> **Directions for this task**: Working from the data below, write out exactly the lines from its first through the line that contains "Bloodywood EU UK", both ends included and pictures omitted.

Brief descriptive captions
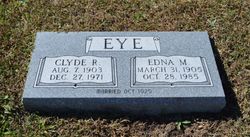Edna Marie <I> Harper</I> Eye 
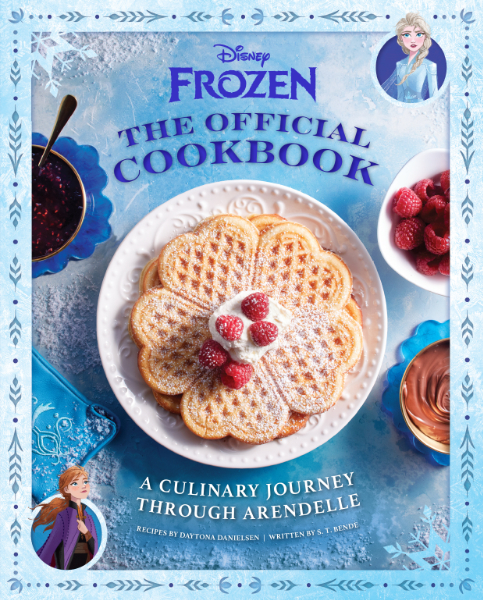 Frozen Cookbook Cover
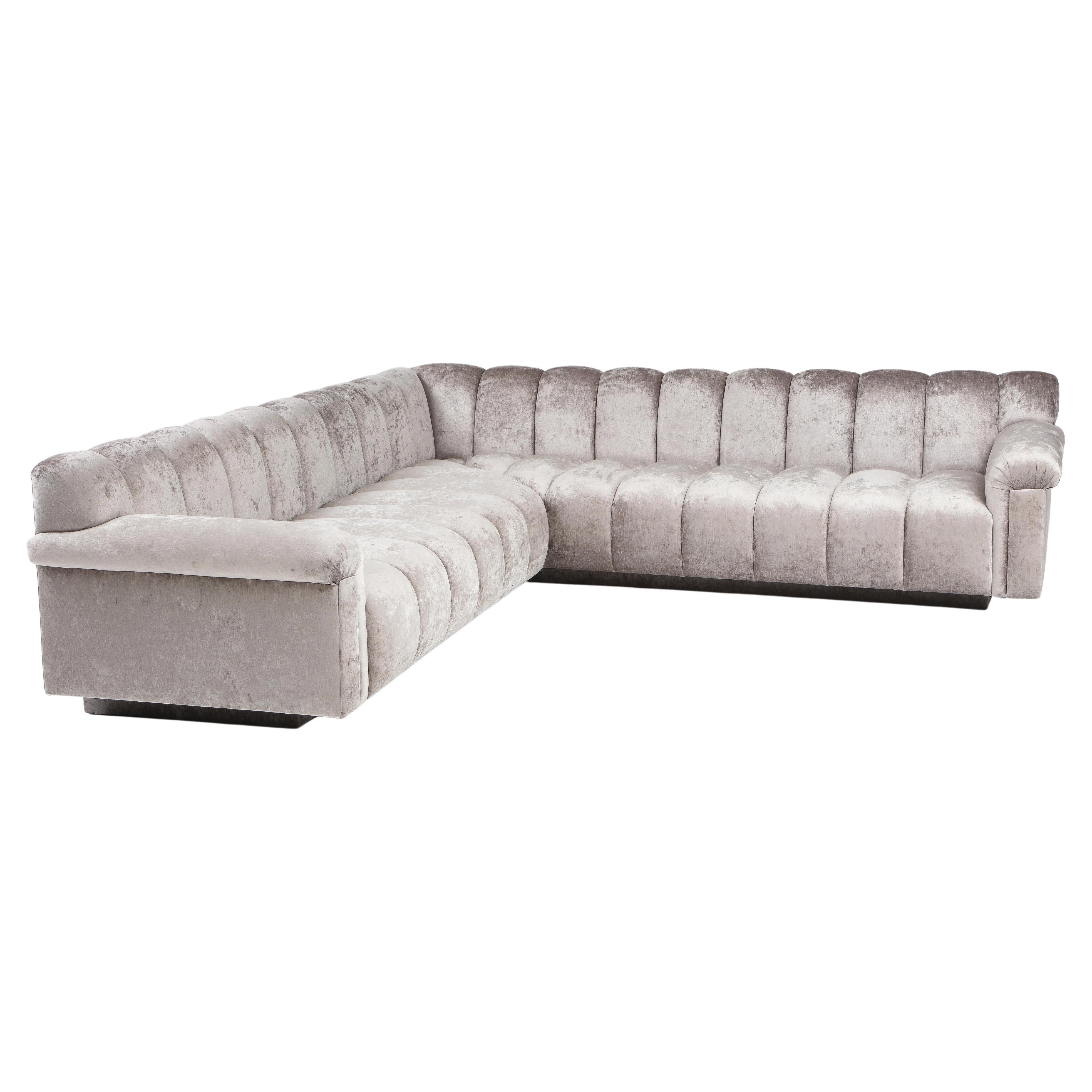 Stunning 1980's Mid -Century  Steve Chase Sofa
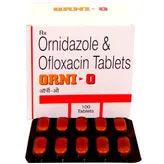 Orni-O Tablet 10's, Pack of 10 TABLETS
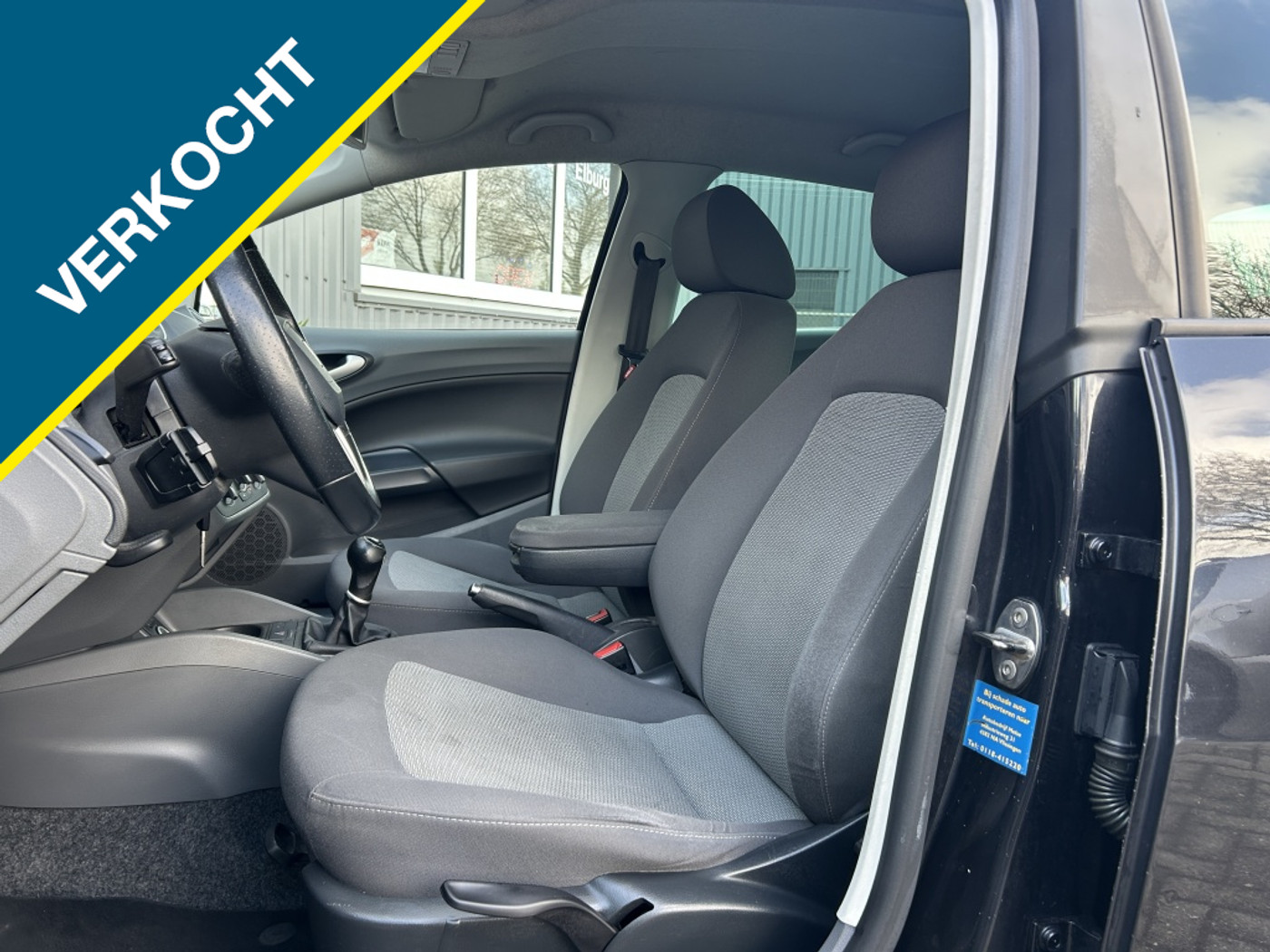 Foto van Seat Ibiza ST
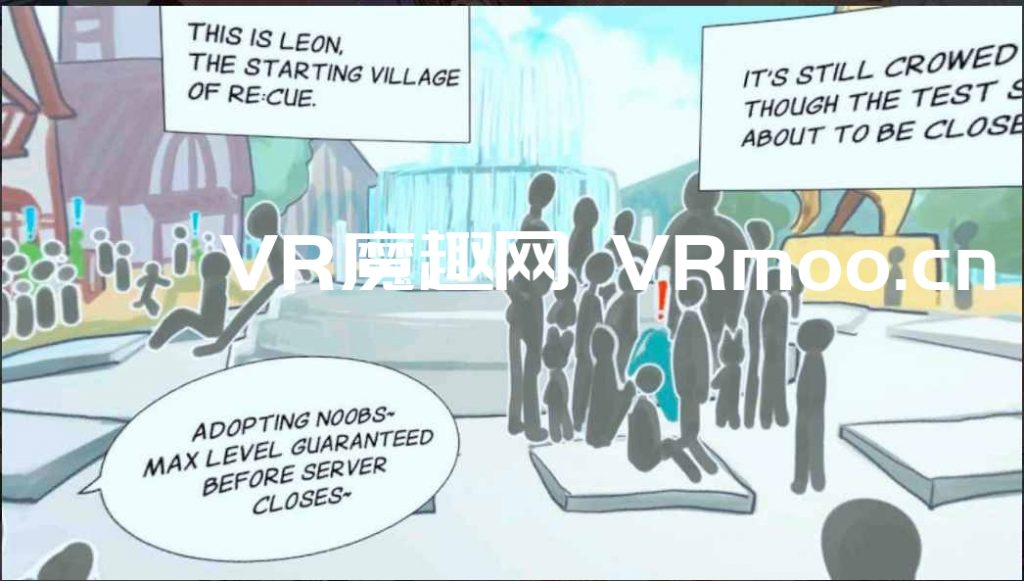 Oculus Quest 游戏《COMIXV EDITION - ROMANCE FANTASY VR》浪漫幻想 VR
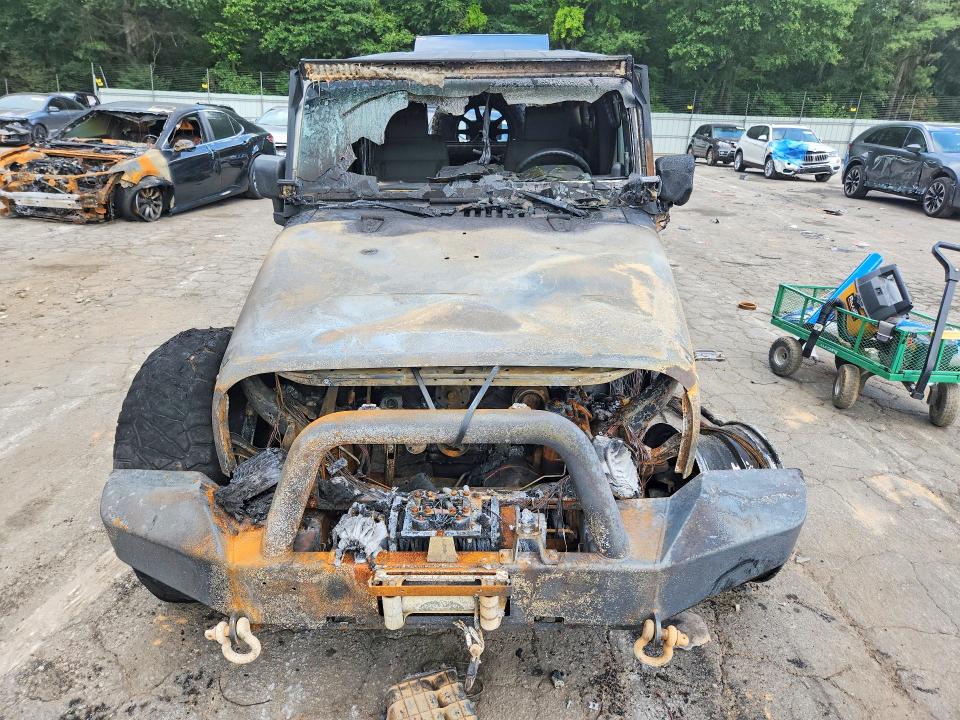 Aukcja sprzedaży 2008 Jeep Wrangler Unlimited, vin: 1J8GA69178L601211, numer aukcji: 60426256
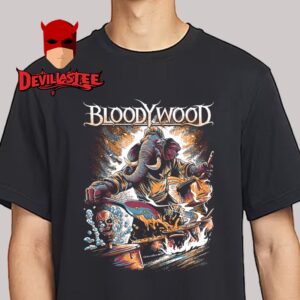 Bloodywood EU UK Tour 2025 Tadka Unisex T-Shirt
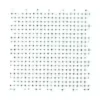 Toile Aïda Coton 5,5 Pts Coupon Blanc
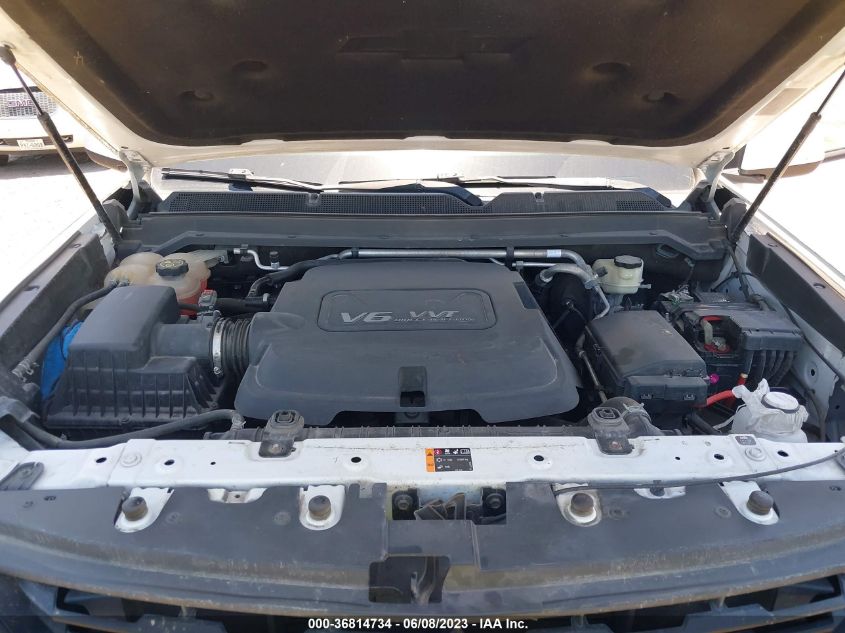 2015 CHEVROLET COLORADO 2WD Z71 - 1GCGSCE39F1186671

> **Completed task**:
Edna Marie <I> Harper</I> Eye 
 Frozen Cookbook Cover
 Stunning 1980's Mid -Century  Steve Chase Sofa
 Orni-O Tablet 10's, Pack of 10 TABLETS
 Foto van Seat Ibiza ST
 Oculus Quest 游戏《COMIXV EDITION - ROMANCE FANTASY VR》浪漫幻想 VR
 Aukcja sprzedaży 2008 Jeep Wrangler Unlimited, vin: 1J8GA69178L601211, numer aukcji: 60426256
 Bloodywood EU UK Tour 2025 Tadka Unisex T-Shirt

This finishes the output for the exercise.